Indiantown Farm near Centreville, Maryland

The morning dewdrops on a thousand spiderwebs hung in the meadow and the river like glass, fog obliterating its far shore. It’s a salt-tanged river that winds into the Chesapeake Bay. It flows by our house which is my grandmother’s house, built on a shell midden left by centuries of indigenous people come to gather oysters in summer to eat and to smoke for the months ahead.

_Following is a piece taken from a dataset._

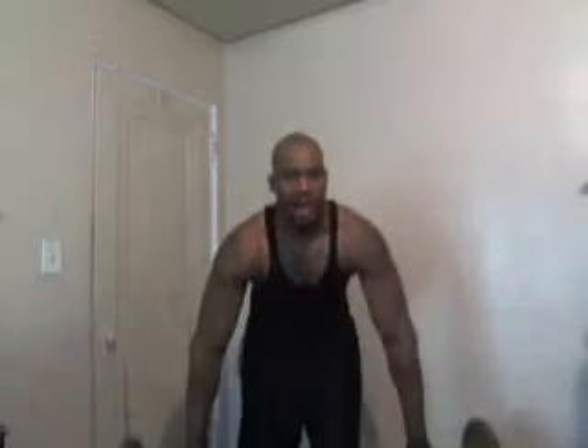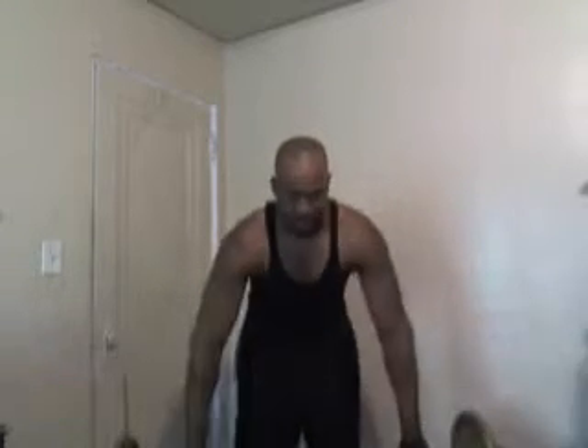All right, let's do our next set. Tilt back, 10 times. 1, 2, 3, 4, 5, 6, 7, 8, 9, 10.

In my own childhood summers, I learned to swim off the old steamboat wharf that stretches out to deep water, deep enough for a keeled sailboat to tie up. Uncles helped us aboard and handed picnic baskets across. Strapped into orange life preservers, our trio of cousins, Harry, Gray, and I, would perch on the bow to squeal and hold on for dear life when the sloop heeled and spray flew all about us. Then come evening, back on land but feeling the boat still rocking, back in our many-windowed house, Grandma, all comfort and love, would come with a steaming platter of sweet corn picked that very day right here on our own farm.

For three and a half centuries, my family lived here. The ancestors came on ships and cleared the forest, along with the native people, who went off to subsist somehow in marshy places. We still find their arrowheads and shards of corncob-printed pottery and hence our farm is called “Indiantown.” The ancestors built a fine brick house, that is, no doubt, their slaves did, and at first with slaves, then with day laborers, they planted and harvested and worried their way through the hazards of British rule, the Civil War, droughts, and the great peach blight, just as we worry now about Roundup-ready crops, sea level rise, and ever-hotter summers.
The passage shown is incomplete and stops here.